From his first day as a free man Merz’ only concern was to track down, and then erase, all traces that could lead back to Hans-Dieter Mundt. For this reason he visited The Humboldt University of Berlin, and, under the pretence of being a historian, he got access to the university archives. There, in the fall of 1994, he found the diary of Walther Holtzmann. From that moment he decided to dedicate his life to the enigma of this unbelievable man.

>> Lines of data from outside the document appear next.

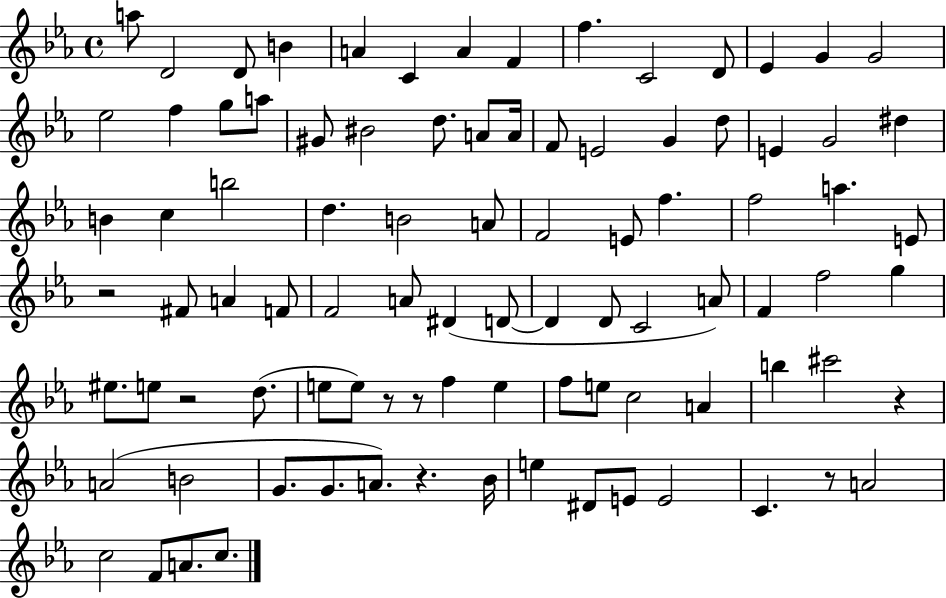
A5/e D4/h D4/e B4/q A4/q C4/q A4/q F4/q F5/q. C4/h D4/e Eb4/q G4/q G4/h Eb5/h F5/q G5/e A5/e G#4/e BIS4/h D5/e. A4/e A4/s F4/e E4/h G4/q D5/e E4/q G4/h D#5/q B4/q C5/q B5/h D5/q. B4/h A4/e F4/h E4/e F5/q. F5/h A5/q. E4/e R/h F#4/e A4/q F4/e F4/h A4/e D#4/q D4/e D4/q D4/e C4/h A4/e F4/q F5/h G5/q EIS5/e. E5/e R/h D5/e. E5/e E5/e R/e R/e F5/q E5/q F5/e E5/e C5/h A4/q B5/q C#6/h R/q A4/h B4/h G4/e. G4/e. A4/e. R/q. Bb4/s E5/q D#4/e E4/e E4/h C4/q. R/e A4/h C5/h F4/e A4/e. C5/e.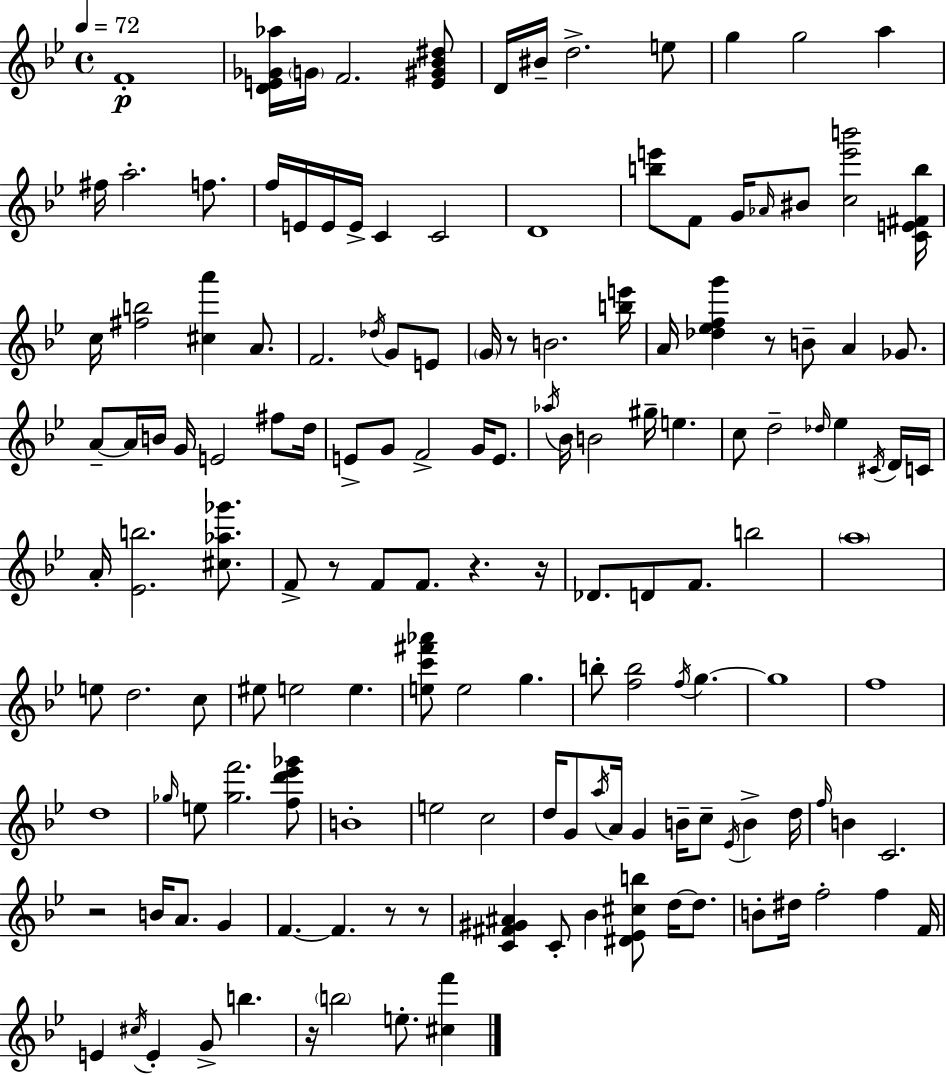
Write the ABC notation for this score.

X:1
T:Untitled
M:4/4
L:1/4
K:Bb
F4 [DE_G_a]/4 G/4 F2 [E^G_B^d]/2 D/4 ^B/4 d2 e/2 g g2 a ^f/4 a2 f/2 f/4 E/4 E/4 E/4 C C2 D4 [be']/2 F/2 G/4 _A/4 ^B/2 [ce'b']2 [CE^Fb]/4 c/4 [^fb]2 [^ca'] A/2 F2 _d/4 G/2 E/2 G/4 z/2 B2 [be']/4 A/4 [_d_efg'] z/2 B/2 A _G/2 A/2 A/4 B/4 G/4 E2 ^f/2 d/4 E/2 G/2 F2 G/4 E/2 _a/4 _B/4 B2 ^g/4 e c/2 d2 _d/4 _e ^C/4 D/4 C/4 A/4 [_Eb]2 [^c_a_g']/2 F/2 z/2 F/2 F/2 z z/4 _D/2 D/2 F/2 b2 a4 e/2 d2 c/2 ^e/2 e2 e [ec'^f'_a']/2 e2 g b/2 [fb]2 f/4 g g4 f4 d4 _g/4 e/2 [_gf']2 [fd'_e'_g']/2 B4 e2 c2 d/4 G/2 a/4 A/4 G B/4 c/2 _E/4 B d/4 f/4 B C2 z2 B/4 A/2 G F F z/2 z/2 [C^F^G^A] C/2 _B [^D_E^cb]/2 d/4 d/2 B/2 ^d/4 f2 f F/4 E ^c/4 E G/2 b z/4 b2 e/2 [^cf']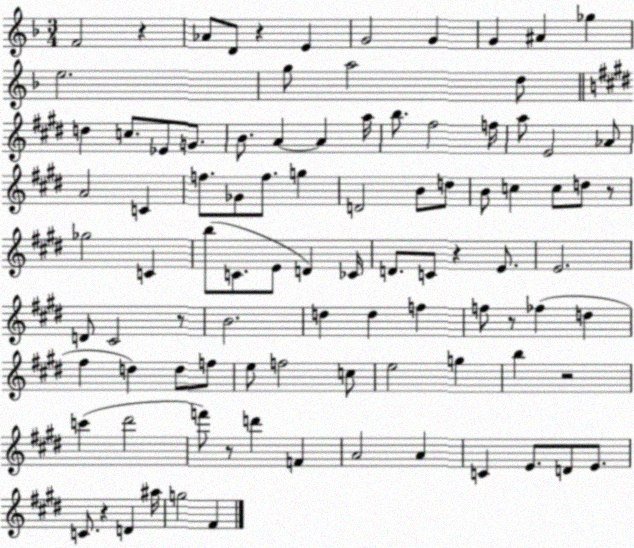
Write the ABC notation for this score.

X:1
T:Untitled
M:3/4
L:1/4
K:F
F2 z _A/2 D/2 z E G2 G G ^A _g e2 g/2 a2 d/2 d c/2 _E/2 G/2 B/2 A A a/4 b/2 ^f2 f/4 a/2 E2 _A/2 A2 C f/2 _G/2 f/2 g D2 B/2 d/2 B/2 c c/2 d/2 z/2 _g2 C b/2 C/2 E/2 D _C/4 D/2 C/2 z E/2 E2 D/2 ^C2 z/2 B2 d d f f/2 z/2 _f d ^f d d/2 f/2 e/2 f2 c/2 e2 g b z2 c' ^d'2 f'/2 z/2 d' F A2 A C E/2 D/2 E/2 C/2 z D ^a/4 g2 ^F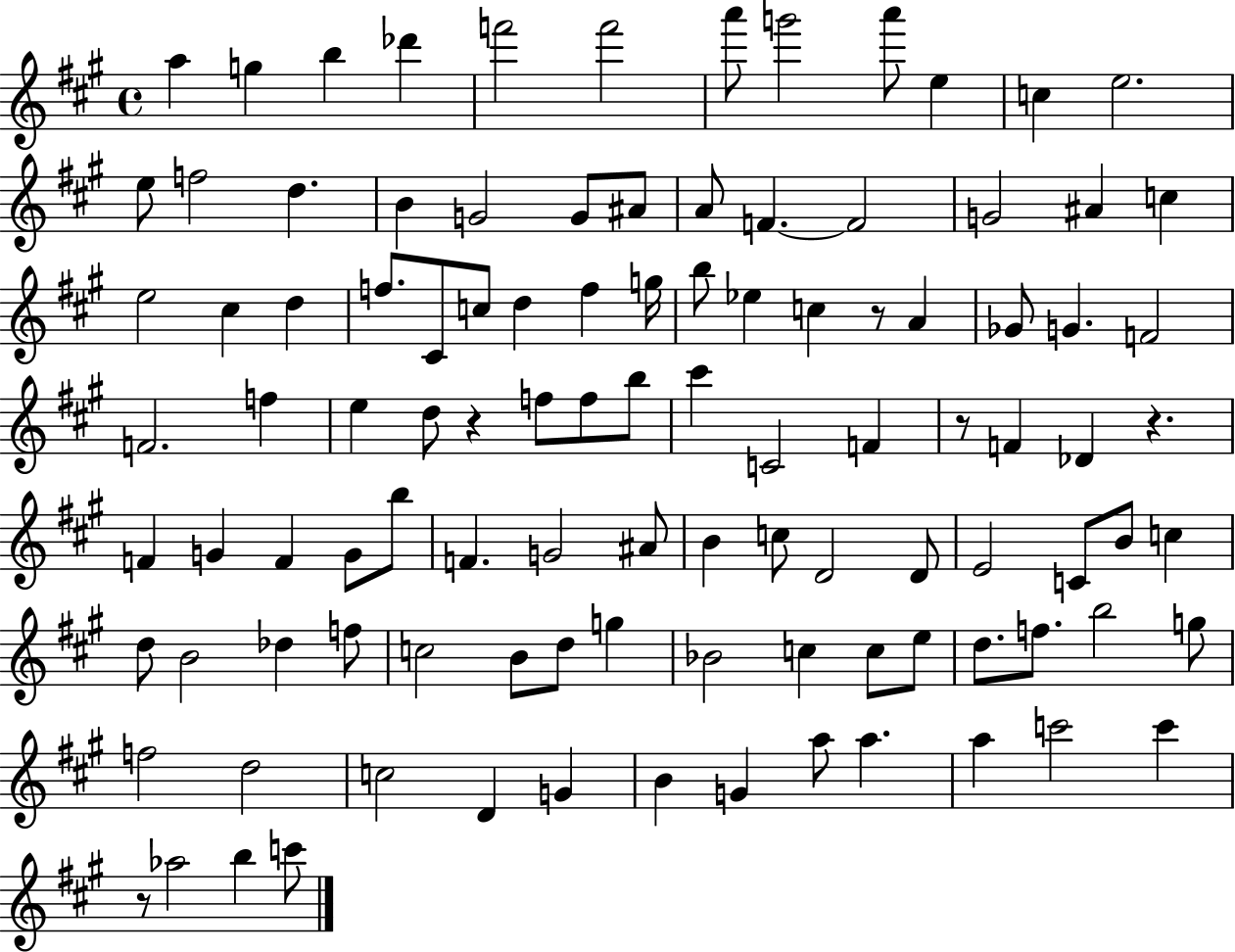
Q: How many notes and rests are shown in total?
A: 105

Maximilian Merz died from a gastric ulcer in 1999. His body was found sitting in the hallway of a miniature model covering more than three fourths of his living room: Merz’ vision of Holtzmann’s apartment down to the last detail. In the living room of the miniature model lied a 700 pages thick manuscript that turned out to be Merz’ unfinished autobiography Die Schiffbrüchige (The Castaways) blended with fragments of Holtzmann’s diary.

Die Schiffbrüchige was published by Verlag Karfunkel in 2002. The original manuscript together with Merz’ typewriter and parts of the miniature model are today in the possession of The Humboldt University of Berlin.